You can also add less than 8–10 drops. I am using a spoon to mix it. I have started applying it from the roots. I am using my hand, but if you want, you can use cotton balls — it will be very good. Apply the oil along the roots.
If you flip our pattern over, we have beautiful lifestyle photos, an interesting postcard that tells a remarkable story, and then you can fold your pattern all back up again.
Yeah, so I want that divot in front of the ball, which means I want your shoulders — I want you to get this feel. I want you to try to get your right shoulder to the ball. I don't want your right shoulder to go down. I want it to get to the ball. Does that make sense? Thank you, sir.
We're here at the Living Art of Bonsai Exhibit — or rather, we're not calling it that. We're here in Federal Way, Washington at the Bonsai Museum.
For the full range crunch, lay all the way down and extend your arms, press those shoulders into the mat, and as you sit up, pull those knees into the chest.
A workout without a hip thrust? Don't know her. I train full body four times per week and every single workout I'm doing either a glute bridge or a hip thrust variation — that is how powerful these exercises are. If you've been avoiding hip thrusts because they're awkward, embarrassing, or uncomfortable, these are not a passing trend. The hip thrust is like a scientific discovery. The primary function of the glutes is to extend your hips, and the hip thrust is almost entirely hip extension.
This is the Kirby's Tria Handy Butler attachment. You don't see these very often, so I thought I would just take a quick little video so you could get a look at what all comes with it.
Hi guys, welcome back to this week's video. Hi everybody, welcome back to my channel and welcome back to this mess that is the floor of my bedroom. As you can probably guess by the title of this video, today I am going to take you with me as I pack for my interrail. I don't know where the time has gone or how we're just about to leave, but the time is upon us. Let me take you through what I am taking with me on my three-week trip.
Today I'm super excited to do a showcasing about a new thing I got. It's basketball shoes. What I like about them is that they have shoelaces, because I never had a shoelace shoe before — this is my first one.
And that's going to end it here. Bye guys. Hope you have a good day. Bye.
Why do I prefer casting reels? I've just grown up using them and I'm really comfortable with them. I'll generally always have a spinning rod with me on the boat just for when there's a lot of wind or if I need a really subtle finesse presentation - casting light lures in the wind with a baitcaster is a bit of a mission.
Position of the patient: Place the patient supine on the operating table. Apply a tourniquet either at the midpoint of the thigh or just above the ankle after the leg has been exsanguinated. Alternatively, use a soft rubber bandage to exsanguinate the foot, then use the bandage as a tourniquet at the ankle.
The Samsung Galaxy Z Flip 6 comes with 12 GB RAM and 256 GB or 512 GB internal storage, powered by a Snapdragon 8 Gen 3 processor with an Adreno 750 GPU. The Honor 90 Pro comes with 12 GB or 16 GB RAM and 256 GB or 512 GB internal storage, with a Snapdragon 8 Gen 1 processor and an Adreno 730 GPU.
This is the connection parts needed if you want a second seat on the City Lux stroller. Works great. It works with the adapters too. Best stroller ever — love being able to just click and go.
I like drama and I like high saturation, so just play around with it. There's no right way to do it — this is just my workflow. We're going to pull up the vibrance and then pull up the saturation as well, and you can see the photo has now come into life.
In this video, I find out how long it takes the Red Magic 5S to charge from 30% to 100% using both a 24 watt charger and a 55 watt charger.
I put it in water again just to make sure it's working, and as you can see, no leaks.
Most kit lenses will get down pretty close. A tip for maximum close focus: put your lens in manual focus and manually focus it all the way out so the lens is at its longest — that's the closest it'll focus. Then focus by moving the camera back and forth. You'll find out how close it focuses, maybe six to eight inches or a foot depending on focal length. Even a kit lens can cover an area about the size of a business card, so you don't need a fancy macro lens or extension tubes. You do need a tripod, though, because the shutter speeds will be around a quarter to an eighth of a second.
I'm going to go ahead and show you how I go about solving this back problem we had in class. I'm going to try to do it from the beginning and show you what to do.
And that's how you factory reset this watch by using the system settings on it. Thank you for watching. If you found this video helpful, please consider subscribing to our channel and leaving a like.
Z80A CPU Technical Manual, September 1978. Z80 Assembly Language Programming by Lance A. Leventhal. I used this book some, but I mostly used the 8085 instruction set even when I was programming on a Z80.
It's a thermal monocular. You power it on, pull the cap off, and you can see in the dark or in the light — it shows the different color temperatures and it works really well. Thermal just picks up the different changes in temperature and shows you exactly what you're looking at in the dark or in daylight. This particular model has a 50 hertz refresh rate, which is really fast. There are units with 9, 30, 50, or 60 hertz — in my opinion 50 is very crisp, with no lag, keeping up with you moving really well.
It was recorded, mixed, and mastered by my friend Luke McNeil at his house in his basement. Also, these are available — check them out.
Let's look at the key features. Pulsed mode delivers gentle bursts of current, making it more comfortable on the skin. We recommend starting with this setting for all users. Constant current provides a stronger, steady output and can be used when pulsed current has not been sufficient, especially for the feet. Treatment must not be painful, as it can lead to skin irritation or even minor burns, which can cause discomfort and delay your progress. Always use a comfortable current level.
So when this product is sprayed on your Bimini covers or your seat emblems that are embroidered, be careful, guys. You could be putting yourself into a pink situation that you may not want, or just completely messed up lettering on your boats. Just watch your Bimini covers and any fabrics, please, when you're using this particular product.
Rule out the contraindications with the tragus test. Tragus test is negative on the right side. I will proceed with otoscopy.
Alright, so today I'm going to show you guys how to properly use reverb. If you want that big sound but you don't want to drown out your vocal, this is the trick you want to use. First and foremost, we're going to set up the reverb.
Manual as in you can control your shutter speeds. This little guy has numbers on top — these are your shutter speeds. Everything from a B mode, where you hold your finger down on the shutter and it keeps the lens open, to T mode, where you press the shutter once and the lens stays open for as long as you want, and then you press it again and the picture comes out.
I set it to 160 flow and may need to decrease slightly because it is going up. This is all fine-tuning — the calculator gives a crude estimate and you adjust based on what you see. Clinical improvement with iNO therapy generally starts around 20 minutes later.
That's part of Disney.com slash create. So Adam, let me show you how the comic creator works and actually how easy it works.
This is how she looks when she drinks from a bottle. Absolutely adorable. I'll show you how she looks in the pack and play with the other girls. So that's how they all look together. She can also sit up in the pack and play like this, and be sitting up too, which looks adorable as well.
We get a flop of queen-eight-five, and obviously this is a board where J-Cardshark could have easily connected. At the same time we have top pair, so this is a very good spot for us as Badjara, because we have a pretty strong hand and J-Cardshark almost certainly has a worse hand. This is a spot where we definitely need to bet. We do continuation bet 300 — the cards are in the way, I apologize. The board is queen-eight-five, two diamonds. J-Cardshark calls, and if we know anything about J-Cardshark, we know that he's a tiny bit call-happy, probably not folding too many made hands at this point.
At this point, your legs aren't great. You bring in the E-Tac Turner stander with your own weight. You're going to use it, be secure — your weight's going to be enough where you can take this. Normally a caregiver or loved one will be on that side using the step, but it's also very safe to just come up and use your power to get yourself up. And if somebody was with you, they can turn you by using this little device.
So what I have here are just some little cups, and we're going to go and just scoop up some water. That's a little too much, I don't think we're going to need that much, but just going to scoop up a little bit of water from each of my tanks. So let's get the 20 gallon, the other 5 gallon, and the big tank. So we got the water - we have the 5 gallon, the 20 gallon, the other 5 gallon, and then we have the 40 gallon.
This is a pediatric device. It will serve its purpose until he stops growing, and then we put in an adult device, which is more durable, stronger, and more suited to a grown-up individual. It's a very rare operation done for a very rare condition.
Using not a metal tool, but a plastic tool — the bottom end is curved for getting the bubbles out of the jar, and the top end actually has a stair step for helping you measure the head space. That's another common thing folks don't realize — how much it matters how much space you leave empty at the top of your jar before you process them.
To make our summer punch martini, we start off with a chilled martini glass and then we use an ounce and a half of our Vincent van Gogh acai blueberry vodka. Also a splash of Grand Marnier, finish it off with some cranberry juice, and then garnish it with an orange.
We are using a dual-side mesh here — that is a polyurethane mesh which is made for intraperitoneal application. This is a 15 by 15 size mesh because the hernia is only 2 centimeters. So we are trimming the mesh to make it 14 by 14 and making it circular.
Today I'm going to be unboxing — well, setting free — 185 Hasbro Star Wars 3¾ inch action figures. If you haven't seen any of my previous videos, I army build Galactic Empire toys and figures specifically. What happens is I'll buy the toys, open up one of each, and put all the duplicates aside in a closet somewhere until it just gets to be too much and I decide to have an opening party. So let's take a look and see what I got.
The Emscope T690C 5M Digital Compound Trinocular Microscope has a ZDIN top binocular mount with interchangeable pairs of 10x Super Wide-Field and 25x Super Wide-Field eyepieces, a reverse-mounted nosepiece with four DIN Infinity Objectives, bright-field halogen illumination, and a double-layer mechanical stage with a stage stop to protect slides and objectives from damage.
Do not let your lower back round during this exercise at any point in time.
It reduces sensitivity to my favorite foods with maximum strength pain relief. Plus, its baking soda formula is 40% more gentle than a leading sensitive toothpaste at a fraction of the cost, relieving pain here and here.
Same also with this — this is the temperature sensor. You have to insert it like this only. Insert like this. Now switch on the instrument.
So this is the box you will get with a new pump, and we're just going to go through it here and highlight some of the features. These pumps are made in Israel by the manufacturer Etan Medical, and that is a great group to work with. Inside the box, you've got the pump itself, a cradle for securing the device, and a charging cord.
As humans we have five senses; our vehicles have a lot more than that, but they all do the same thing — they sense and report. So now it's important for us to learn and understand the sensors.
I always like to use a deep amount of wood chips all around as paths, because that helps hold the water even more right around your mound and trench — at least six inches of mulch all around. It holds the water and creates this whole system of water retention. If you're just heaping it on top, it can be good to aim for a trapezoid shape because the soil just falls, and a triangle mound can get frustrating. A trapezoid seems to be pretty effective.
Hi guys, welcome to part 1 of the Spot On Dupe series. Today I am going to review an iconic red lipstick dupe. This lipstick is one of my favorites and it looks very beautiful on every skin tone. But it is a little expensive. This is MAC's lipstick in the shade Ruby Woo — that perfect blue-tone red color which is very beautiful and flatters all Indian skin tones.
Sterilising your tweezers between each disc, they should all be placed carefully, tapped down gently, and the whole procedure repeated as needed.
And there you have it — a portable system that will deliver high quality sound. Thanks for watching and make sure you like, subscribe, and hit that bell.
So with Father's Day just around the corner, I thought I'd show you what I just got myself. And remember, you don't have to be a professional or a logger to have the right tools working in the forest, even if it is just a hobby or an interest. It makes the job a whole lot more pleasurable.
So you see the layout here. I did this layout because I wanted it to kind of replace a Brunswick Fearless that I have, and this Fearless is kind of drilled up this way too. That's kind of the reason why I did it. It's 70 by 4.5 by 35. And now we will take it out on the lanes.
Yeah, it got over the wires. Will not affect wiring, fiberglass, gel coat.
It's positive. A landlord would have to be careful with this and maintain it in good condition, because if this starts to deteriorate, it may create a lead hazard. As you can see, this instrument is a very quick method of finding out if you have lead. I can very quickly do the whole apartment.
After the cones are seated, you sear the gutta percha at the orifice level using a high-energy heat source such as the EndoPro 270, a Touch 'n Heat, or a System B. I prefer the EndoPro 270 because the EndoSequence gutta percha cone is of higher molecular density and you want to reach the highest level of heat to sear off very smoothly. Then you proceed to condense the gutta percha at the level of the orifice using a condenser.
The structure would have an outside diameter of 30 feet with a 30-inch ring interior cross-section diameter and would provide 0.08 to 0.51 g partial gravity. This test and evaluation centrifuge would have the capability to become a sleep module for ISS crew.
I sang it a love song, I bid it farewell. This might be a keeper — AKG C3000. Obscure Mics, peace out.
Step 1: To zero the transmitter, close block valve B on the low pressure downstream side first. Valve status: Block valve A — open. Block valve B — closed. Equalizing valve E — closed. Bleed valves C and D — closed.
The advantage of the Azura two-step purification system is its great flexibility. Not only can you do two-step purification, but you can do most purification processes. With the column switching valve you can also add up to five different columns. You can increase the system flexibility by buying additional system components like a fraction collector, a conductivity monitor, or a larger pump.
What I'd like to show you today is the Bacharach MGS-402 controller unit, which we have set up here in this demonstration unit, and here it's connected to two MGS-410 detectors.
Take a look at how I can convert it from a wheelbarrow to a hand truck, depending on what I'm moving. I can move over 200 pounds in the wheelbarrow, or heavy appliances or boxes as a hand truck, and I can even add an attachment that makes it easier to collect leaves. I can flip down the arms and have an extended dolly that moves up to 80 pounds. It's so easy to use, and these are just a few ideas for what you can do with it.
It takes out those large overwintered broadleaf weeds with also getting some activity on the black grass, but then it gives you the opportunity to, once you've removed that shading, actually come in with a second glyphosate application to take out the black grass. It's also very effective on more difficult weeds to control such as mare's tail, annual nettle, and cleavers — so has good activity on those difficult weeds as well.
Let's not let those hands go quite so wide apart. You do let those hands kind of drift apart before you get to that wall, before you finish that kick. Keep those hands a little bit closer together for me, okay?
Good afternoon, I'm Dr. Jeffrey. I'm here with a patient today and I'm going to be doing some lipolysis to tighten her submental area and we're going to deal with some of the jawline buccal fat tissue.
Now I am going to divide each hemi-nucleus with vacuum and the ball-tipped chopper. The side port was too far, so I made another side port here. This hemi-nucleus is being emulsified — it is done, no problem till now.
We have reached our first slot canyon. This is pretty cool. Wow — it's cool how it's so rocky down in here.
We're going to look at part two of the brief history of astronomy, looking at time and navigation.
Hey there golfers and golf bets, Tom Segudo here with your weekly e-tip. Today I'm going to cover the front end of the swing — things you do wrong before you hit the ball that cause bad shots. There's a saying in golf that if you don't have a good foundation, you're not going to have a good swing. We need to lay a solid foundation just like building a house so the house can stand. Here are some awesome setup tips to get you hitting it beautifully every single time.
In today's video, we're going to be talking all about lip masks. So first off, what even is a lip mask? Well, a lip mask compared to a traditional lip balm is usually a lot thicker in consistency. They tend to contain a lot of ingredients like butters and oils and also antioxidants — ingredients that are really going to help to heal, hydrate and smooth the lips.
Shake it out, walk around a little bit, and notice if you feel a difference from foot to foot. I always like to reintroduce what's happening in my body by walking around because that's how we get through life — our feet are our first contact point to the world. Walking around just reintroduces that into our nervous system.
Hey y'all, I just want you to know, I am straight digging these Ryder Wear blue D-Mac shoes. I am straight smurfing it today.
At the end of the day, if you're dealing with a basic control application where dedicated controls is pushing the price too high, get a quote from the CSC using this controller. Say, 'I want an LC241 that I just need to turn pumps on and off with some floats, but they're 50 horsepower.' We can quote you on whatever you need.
::::
*Exercise instructions*. Above are some lines. Repeat exactly, and only, those from the line that has "Why do I prefer" through the line that has "The Samsung Galaxy".

*Task answer*.
Why do I prefer casting reels? I've just grown up using them and I'm really comfortable with them. I'll generally always have a spinning rod with me on the boat just for when there's a lot of wind or if I need a really subtle finesse presentation - casting light lures in the wind with a baitcaster is a bit of a mission.
Position of the patient: Place the patient supine on the operating table. Apply a tourniquet either at the midpoint of the thigh or just above the ankle after the leg has been exsanguinated. Alternatively, use a soft rubber bandage to exsanguinate the foot, then use the bandage as a tourniquet at the ankle.
The Samsung Galaxy Z Flip 6 comes with 12 GB RAM and 256 GB or 512 GB internal storage, powered by a Snapdragon 8 Gen 3 processor with an Adreno 750 GPU. The Honor 90 Pro comes with 12 GB or 16 GB RAM and 256 GB or 512 GB internal storage, with a Snapdragon 8 Gen 1 processor and an Adreno 730 GPU.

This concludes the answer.